# Prime fur in the box



## Dang Dawg (Jan 14, 2013)

I'm sure glad the general deer season closes two week early up north. I just can't get out in full camo crawl around in the brush and make animal noises where there is a bunch of half drunk week end hunters shooting 300 win. mags.!

Anyway.

We "Ran" up north of Tiber yesterday, man 120 miles to the first set.

Light wind -10* and a few inches of snow.

First set we had to wait 20 minutes for a little daylight but with the full moon when it got close to the horizon light things up almost like dawn so we headed out . We split up about a 1/4 mile and called. In the flat moon light the coyotes could move around with little chance of being seen . POOF a pair stood In front of the boy . The 17 hornet lit up and one fell down the other one cam jetting my way two fleeting shots from the 22/250 and the coyote disappeared unharmed.










ONE for the fur box.

Another set we where split about the same looking up in to different drainages. 'Bout 18 minutes in to the set I had two coming in strong, I whispered in to the mic , got two coming. My son kept calling . They stopped around 200 yards out and got to looking very nerves. I had to try a shot , they where in a line and looking in my direction , a hard shot. I picked the back one first , WAP 22 hit him hard . Its spinning so I looked for the other , Found it booking back up the drainage. Put the hairs above it's head and WAP another solid hit ,man a double. I called Kristopher and we kept calling for 10 minutes longer. A steep walk down to where I shot ,turned out more like 300 yards, good thing it was a steep down hill I probably would have missed.
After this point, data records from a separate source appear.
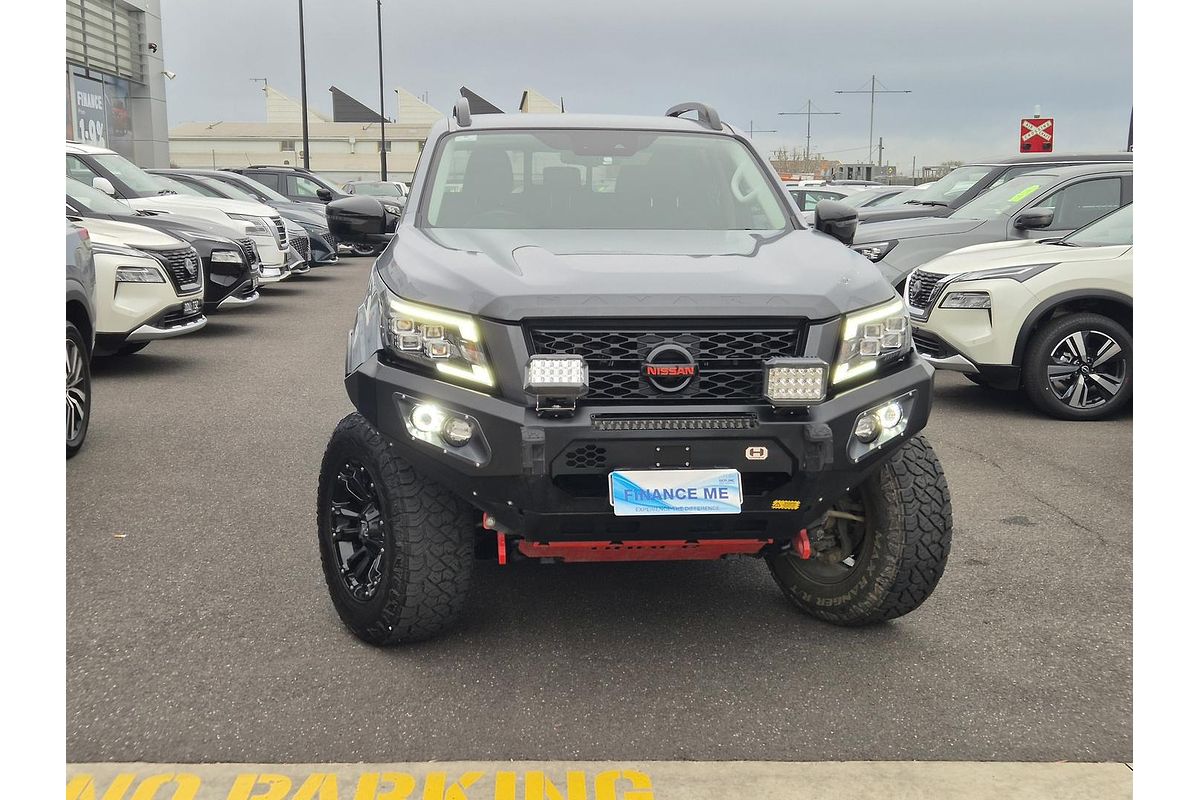 2022 Nissan Navara PRO-4X D23 4X4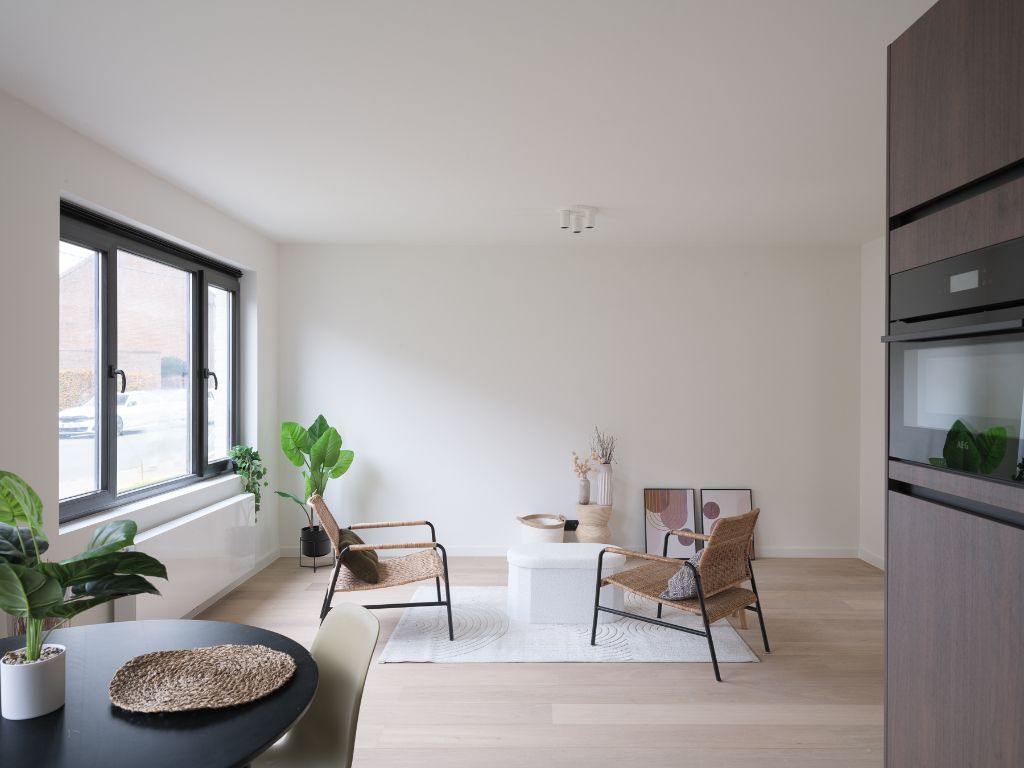 Stijlvol gerenoveerd 2 slaapkamer appartementen op 10 min van Gent centrum foto 2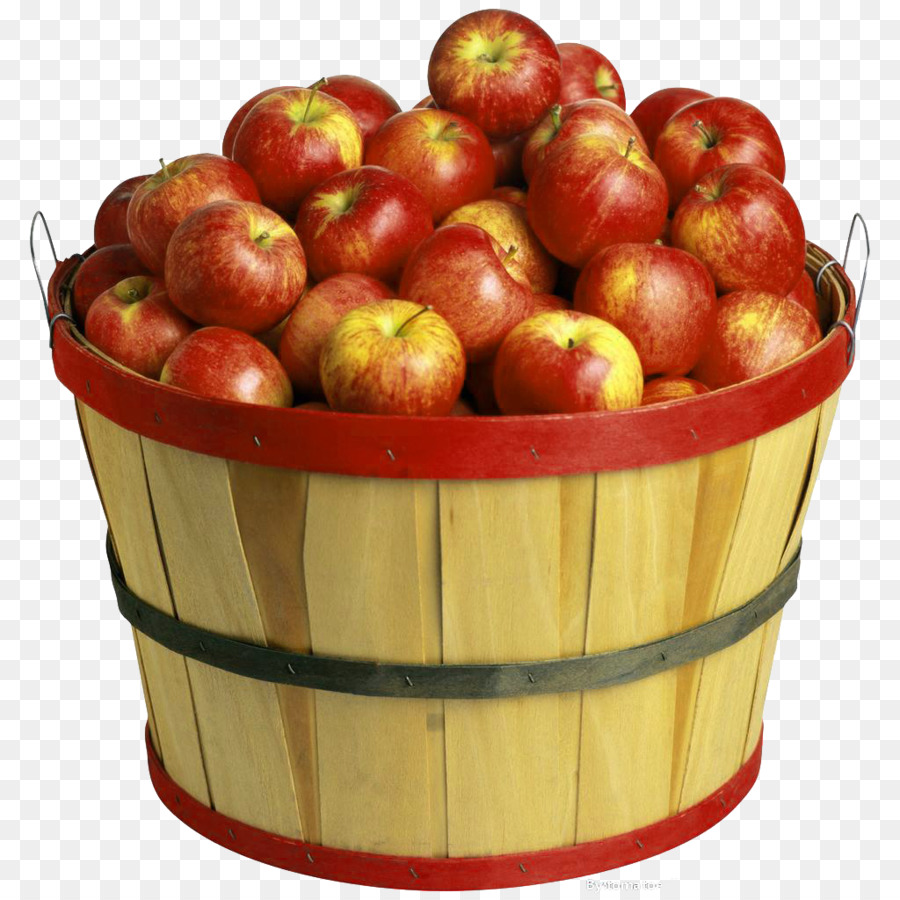 Apple cider The Basket of Apples - A basket of apple image material png download - 1024*1024 - Free Transparent Cider png Download.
The other one was over 350.









A few more sets and we where at a flat peace of state and had to put the Toyota in the ditch in order to hide it . Walked out to a small coulee with NO growth to hide. You gota trust your camo. When the call came on the coyotes light up I every direction, and trash talked us for a long time finally I had one pop up. It turned out to be exactly in my scope , I didn't have to lift the gun, it was already on my shoulder, and pointing dead on the coyote.

I waited for him to trot to a stop to look around wandering where the threatening coyotes, was.
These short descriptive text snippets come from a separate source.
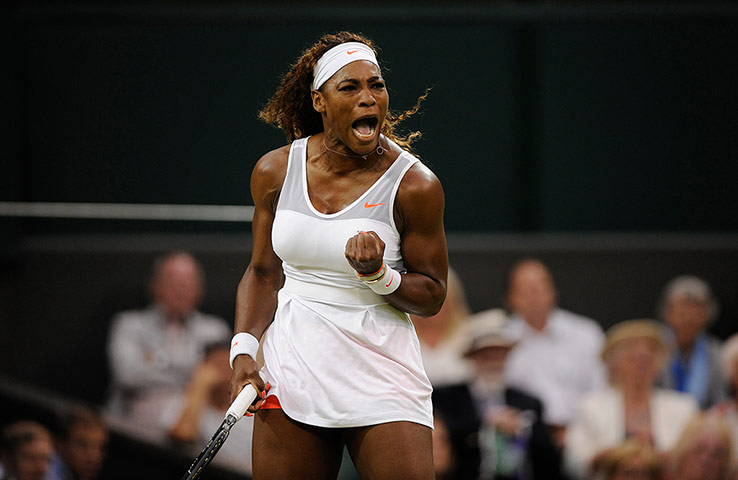 Wimbledon highlights 2013: Serena Williams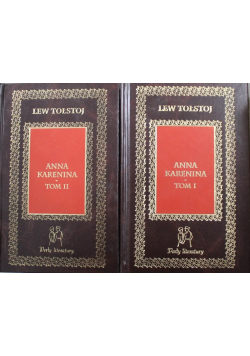 Anna Karenina, Tom I i II
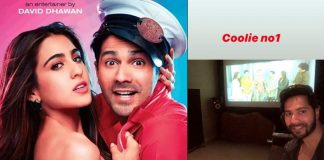 Coolie No. 1 Still Ft. Sara Ali Khan & Team LEAKED? Blame It On Varun Dhawan!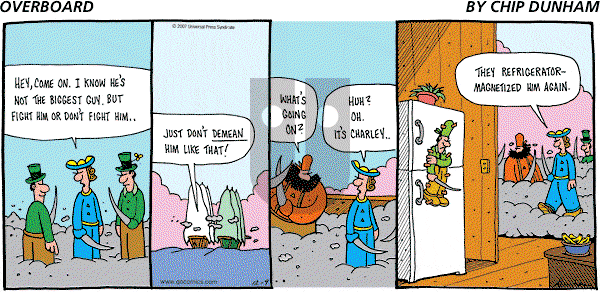Overboard - Sunday December 9, 2007 Comic Strip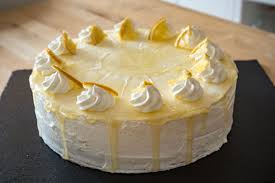 Zitronen Sahne Torte Vegan Rezepte Vegan Backen Torten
Squeezed the trigger. Number 4 was twitching on the ground in front of me at 123 yards.










Just sitting on the snow in my whites and a slight slope being me, Humm, Gota trust your camo.
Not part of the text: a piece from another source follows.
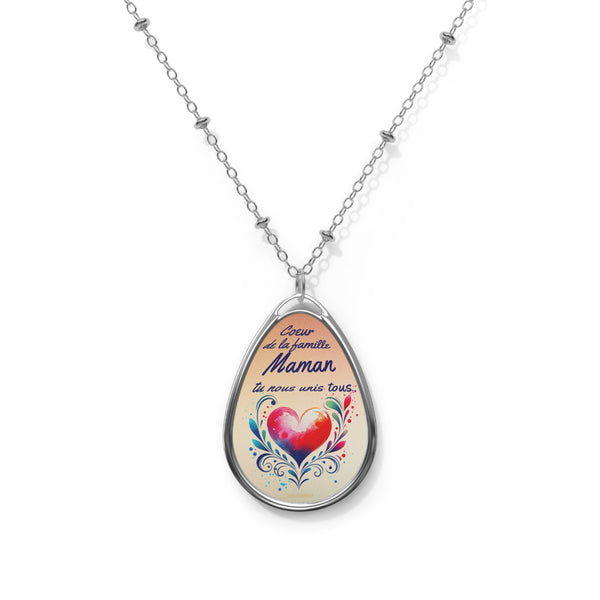 Pendentif “Cœur de Maman”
Some more sets and we where in to Fort Benton. VERY nice day calling !!


----------



## prairiewolf (Feb 19, 2012)

Congrats, those are some nice looking coyotes !


----------



## hassell (Feb 9, 2010)

Congrats.


----------



## glenway (Mar 27, 2011)

Yes. They look very good. And, great shooting!


----------



## youngdon (Mar 10, 2010)

Nice work both calling and shooting !


----------



## pokeyjeeper (Sep 5, 2013)

nice job and some good look fur you guys got there


----------